The reply must consist of the complete listing, reproduced exactly, with no images included.

------ THE DATA ------

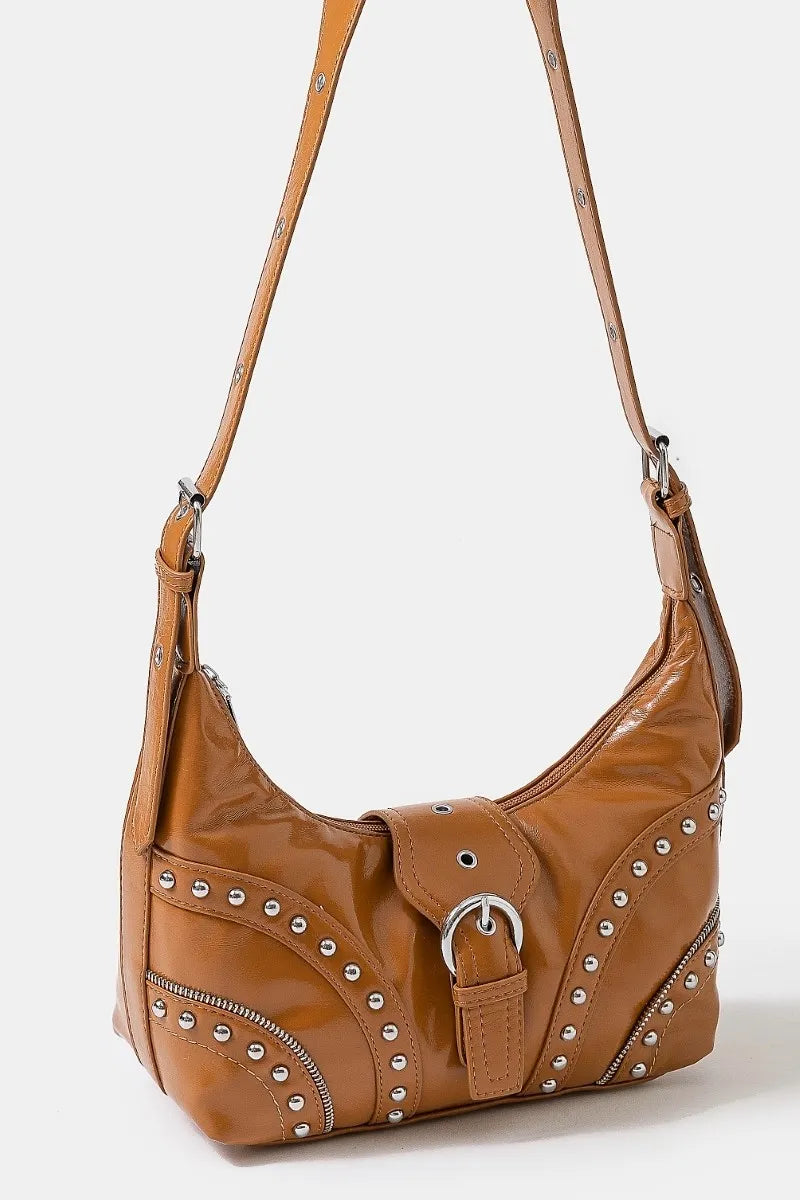 Fame Faux Leather Studded Trim Shoulder Bag Crossbody
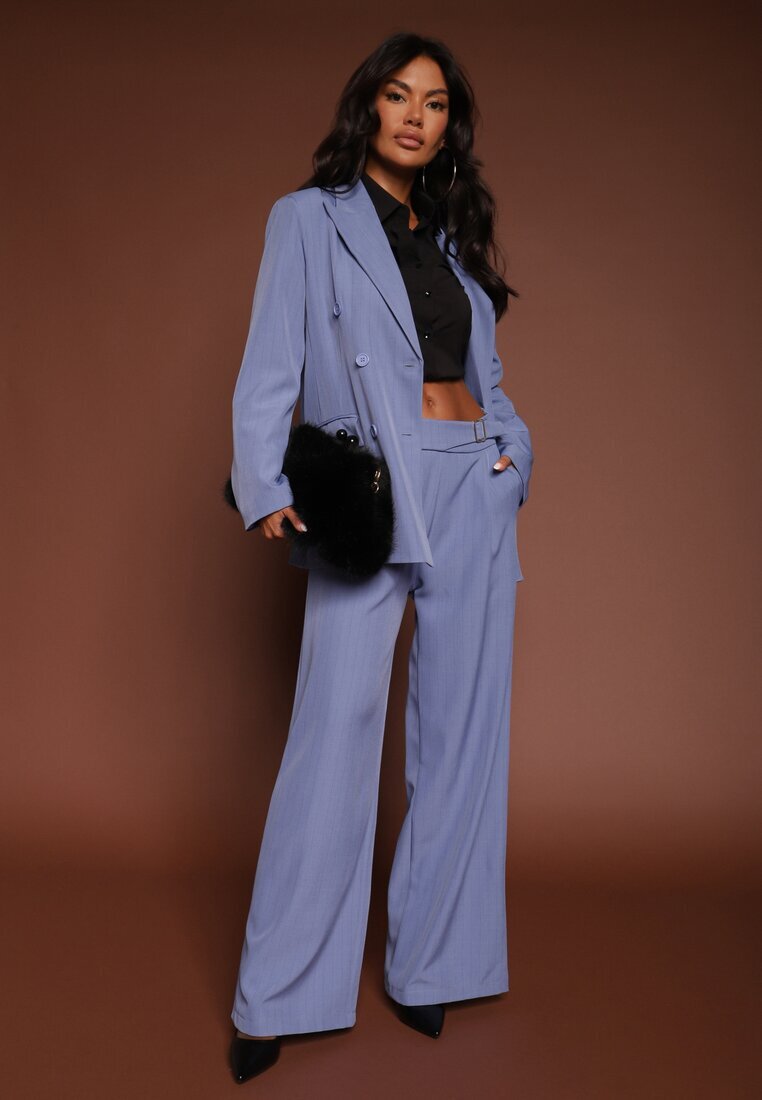 new collection Sacou Albastră cu două rânduri de nasturi cu Viscoză și Linie de Umeri Întărită Ellirisa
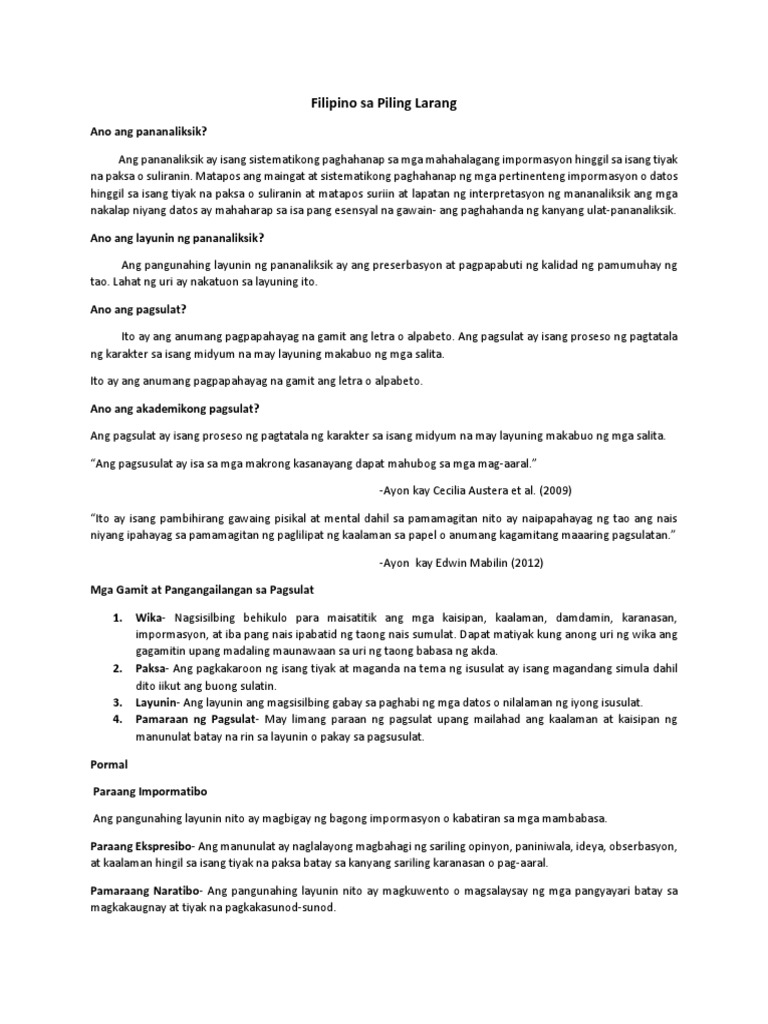 Filipino Sa Piling Larang | PDF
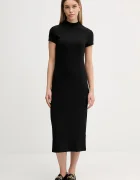 Tommy Hilfiger Рокля в черно дълга със стандартна кройка WW0WW47860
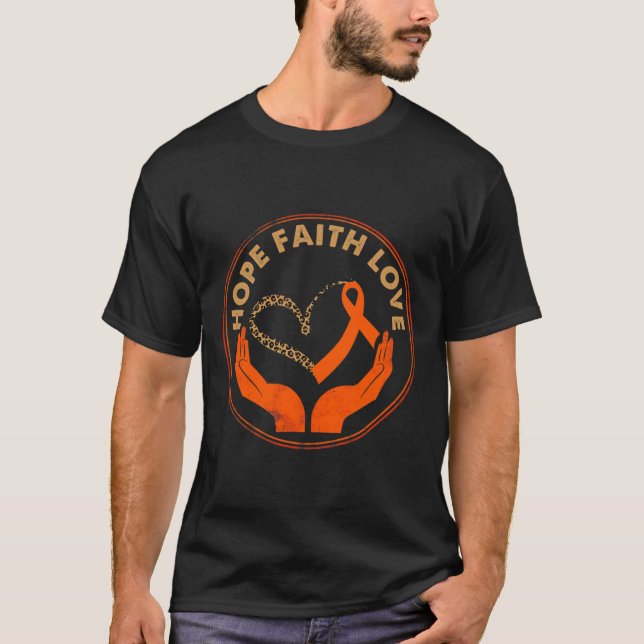 Camiseta Faith Hope Love Leukemia Consciência Coração Laran (Frente)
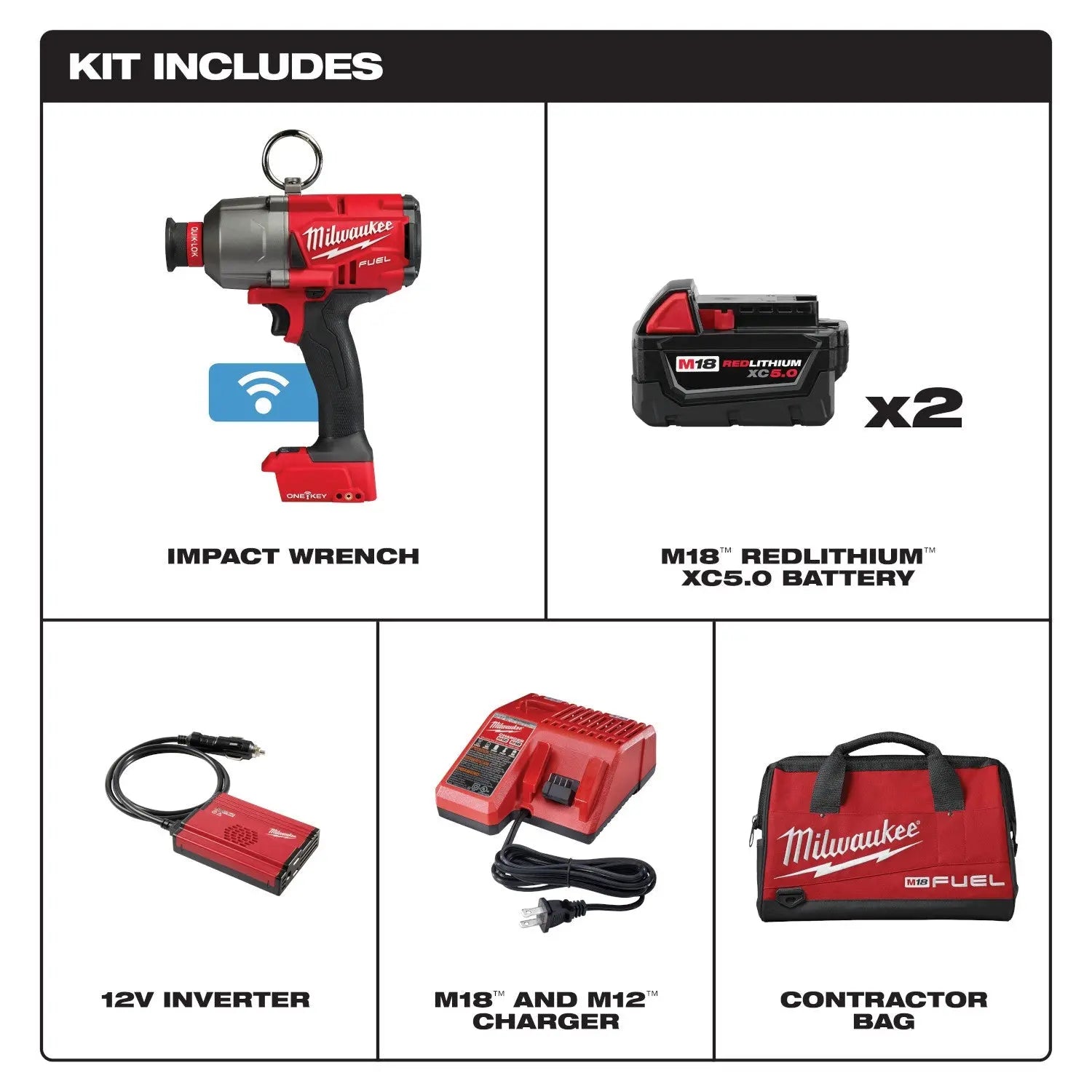 Milwaukee 2865-22 - M18 FUEL™ 7/16 in. Hex Utility HTIW w/ ONE-KEY™ Kit - Wise Line Tools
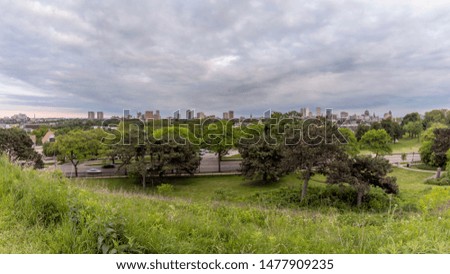 A Fisheye View of Milwaukee from Kilbourn Park during a Summer Evening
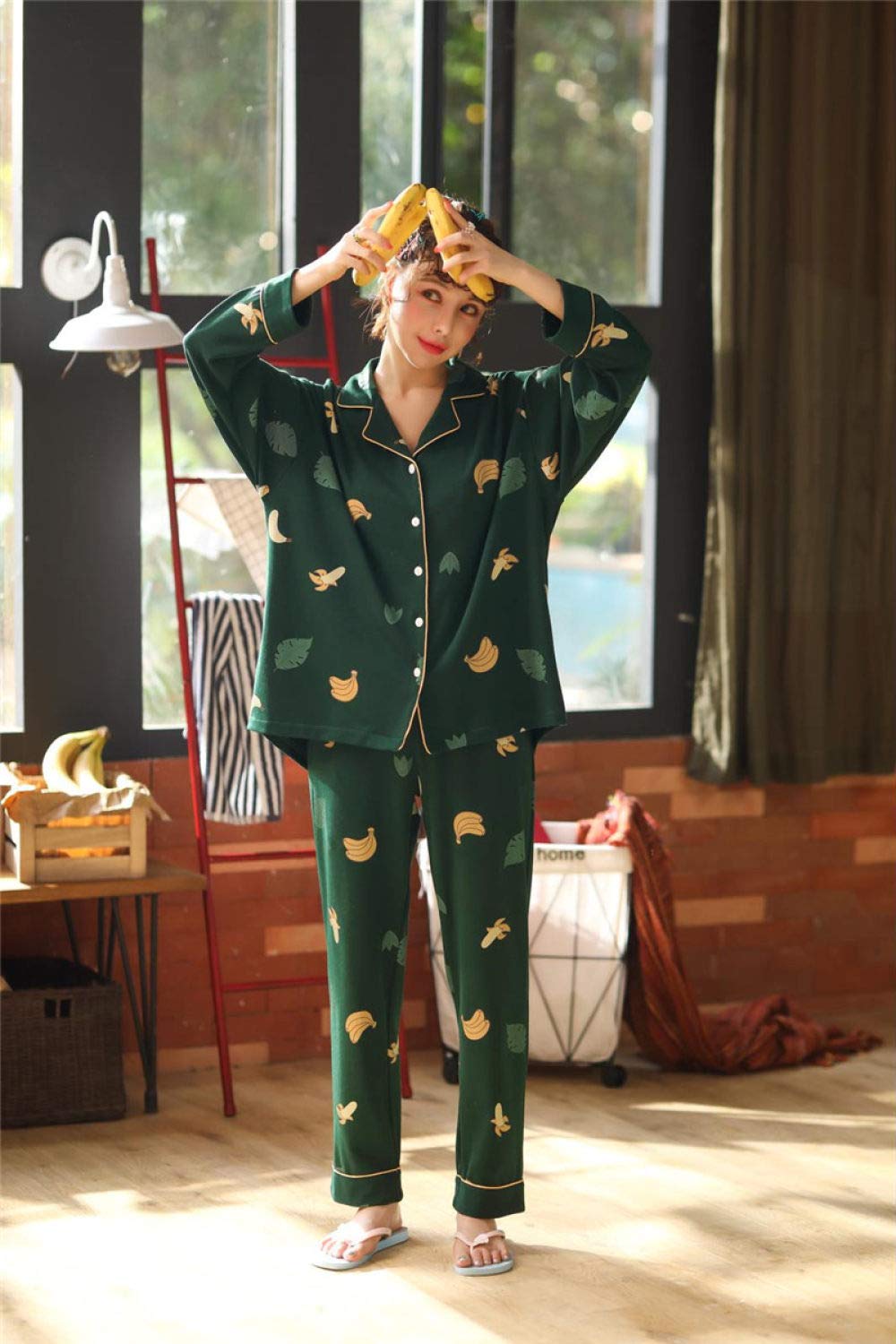 Conjunto De Pijamas De Mujer,Conjunto De Pijamas Con Estampado De Plátano De Dibujos Animados De 2 Piezas Algodón Clásico Con Botones Pjs Top & Bottoms Ladies Ropa De Dormir De Manga Larga Ropa De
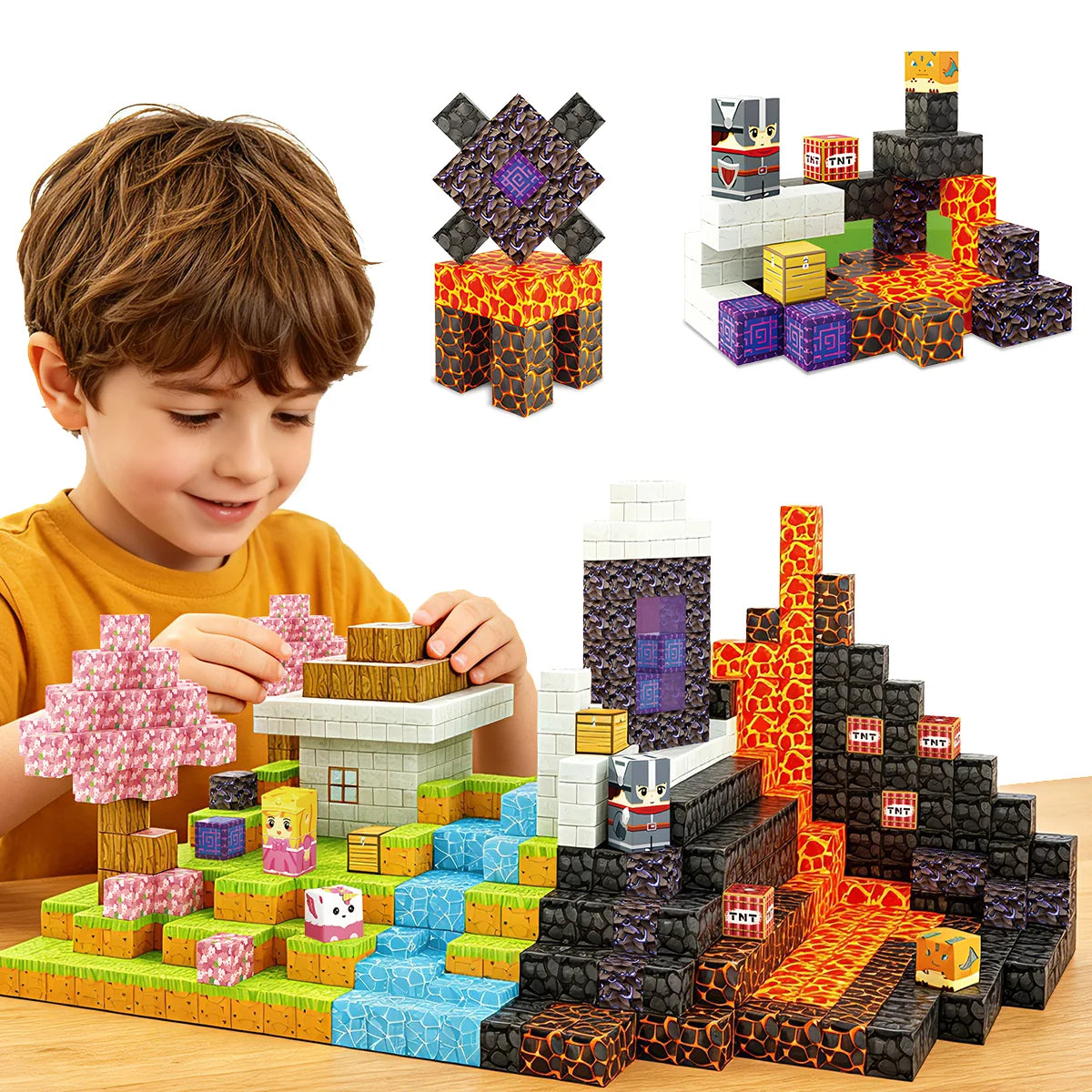 Blocos de Montar Magnéticos 84 Peças Brastoy Brinquedo Educativo Infantil Construção Tema Princesa e Cavaleiro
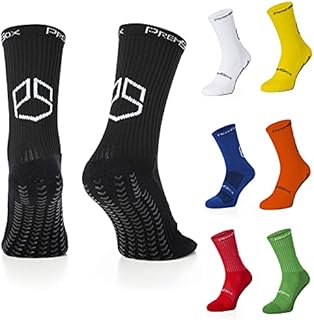 PremSox Football Grip Socks Non Slip Sports Sock featuring Rubber Pads inside and out Low Mid-Calf Non Slip Cushion Crew Team for Running, Fitness Black White Red Blue Yellow Green Orange 6 to 11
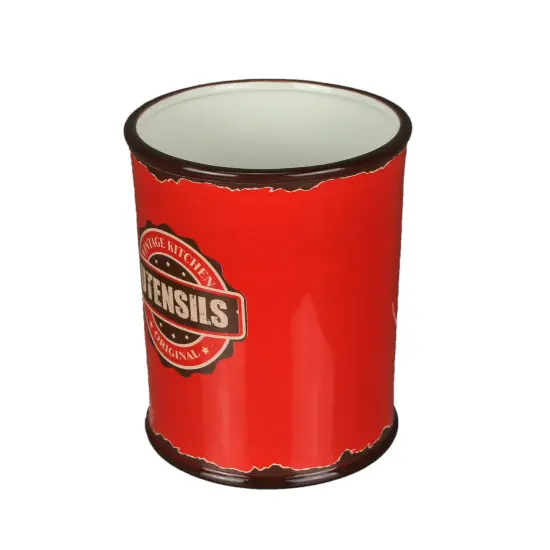 Antiqued Finish Ceramic Crock Kitchen Utensil Holder 8 Inches High {3}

------

■ REPLY:
 Fame Faux Leather Studded Trim Shoulder Bag Crossbody
 new collection Sacou Albastră cu două rânduri de nasturi cu Viscoză și Linie de Umeri Întărită Ellirisa
 Filipino Sa Piling Larang | PDF
 Tommy Hilfiger Рокля в черно дълга със стандартна кройка WW0WW47860
 Camiseta Faith Hope Love Leukemia Consciência Coração Laran (Frente)
 Milwaukee 2865-22 - M18 FUEL™ 7/16 in. Hex Utility HTIW w/ ONE-KEY™ Kit - Wise Line Tools
 A Fisheye View of Milwaukee from Kilbourn Park during a Summer Evening
 Conjunto De Pijamas De Mujer,Conjunto De Pijamas Con Estampado De Plátano De Dibujos Animados De 2 Piezas Algodón Clásico Con Botones Pjs Top & Bottoms Ladies Ropa De Dormir De Manga Larga Ropa De
 Blocos de Montar Magnéticos 84 Peças Brastoy Brinquedo Educativo Infantil Construção Tema Princesa e Cavaleiro
 PremSox Football Grip Socks Non Slip Sports Sock featuring Rubber Pads inside and out Low Mid-Calf Non Slip Cushion Crew Team for Running, Fitness Black White Red Blue Yellow Green Orange 6 to 11
 Antiqued Finish Ceramic Crock Kitchen Utensil Holder 8 Inches High {3}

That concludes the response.